Begegnung mit Olympiasiegerin
Eine tolle Begegnung erlebte die junge Ingolstädterin am Rande der Meisterschaften, als sie die zweifache Kugelstoß-Olympiasiegerin Valerie Adams traf, die in Auckland mit 20,37 Meter einmal mehr ihre weltweite Ausnahmestellung unterstrich.
In einem sehr persönlichen Gespräch tauschten die Nachwuchs-Hoffnung und der Weltstar Erfahrungen aus. „Sie war unglaublich nett“, schilderte die junge Deutsche die Begnung mit Valerie Adams. „Ohne Allüren nahm sie sich für jeden Autogrammwunsch Zeit. Sie ist eine Olympiasiegern, die noch mit beiden Beinen auf dem Boden steht.

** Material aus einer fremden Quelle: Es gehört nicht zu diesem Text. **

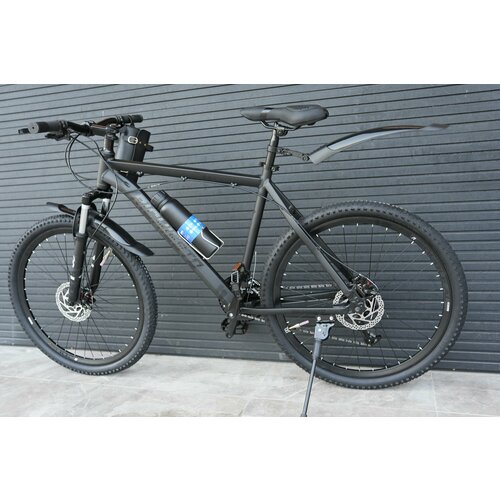 Велосипед горный Richiesto 26 Алюминиевая рама Спортивный Для активного отдыха, модель 2024 года, черный матовый велосипед richiesto tt102 26 для активного отдыха черный с синим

Ein echtes Vorbild!“
Gast-Schuljahr in Nelson
Stefanie Aeschlimann kam Mitte Januar in die Küstenstadt Nelson an der Spitze der neuseeländischen Südinsel, um dort bis Anfang Oktober ein Gast-Schuljahr am Nayland College zu absolvieren.
Dabei hinterließ sie bereits einen nachhaltigen Eindruck. „Nothing is lost in translation when it comes to Stefanie Aeschlimann’s athletic prowess“ (frei übersetzt: Stefanie Aeschlimanns leichtathletisches Können beseitigt jede Sprachbarriere) übertitelte beispielsweise die Zeitschrift „Nelson Mail“ einen großen Artikel über den „future star“ aus Germany.
Regelmäßiger Kontakt zu Heimtrainern
Mit ihrem Heimtrainer Reinhard Köchl und BLV-Dreisprung-Coach Dimitri Antonov senior steht sie via Skype in regelmäßiger Verbindung. Die beiden schicken Trainingspläne nach Neuseeland und stimmen sich mit Dennis Kale, Aeschlimanns Leichtathletik-Coach in Nelson, genau über die anstehenden Übungseinheiten ab.
Kale bezeichnet die interkontinentale Achse als „beispielhaft“. Etwas Vergleichbares habe es in Neuseelands Leichtathletik noch nie gegeben. Der Wissens- und Erfahrungsaustausch mit Köchl und Antonov würde den Horizont aller Trainer in Nelson erweitern.
Aeschlimann, die in Ingolstadt das Reuchlin-Gymnasium besucht und in Wettstetten lebt, sei in der kurzen Zeit schon eine Art Vorbild für die jüngeren Leichtathleten am Nayland College geworden.
Gutes Wort vom Bundestrainer
Bei der Betreuung der jungen MTV-Athletin hatte auch DLV-U20- und U18-Bundestrainer Dietmar Chounard seine Hände im Spiel. Im vergangenen November hatte sich Chounard an seinen neuseeländischen Kollegen Terry Lomax gewandt, der den Kontakt zu Dennis Kale, einem landesweit anerkannten Sprintcoach, herstellte. Das von seinen beiden Trainerkollegen in Deutschland gewünschte Ziel für Stefanie Aeschlimanns Neuseeland-Aufenthalt lautet deshalb vor allem, ihre Sprintschnelligkeit zu verbessern.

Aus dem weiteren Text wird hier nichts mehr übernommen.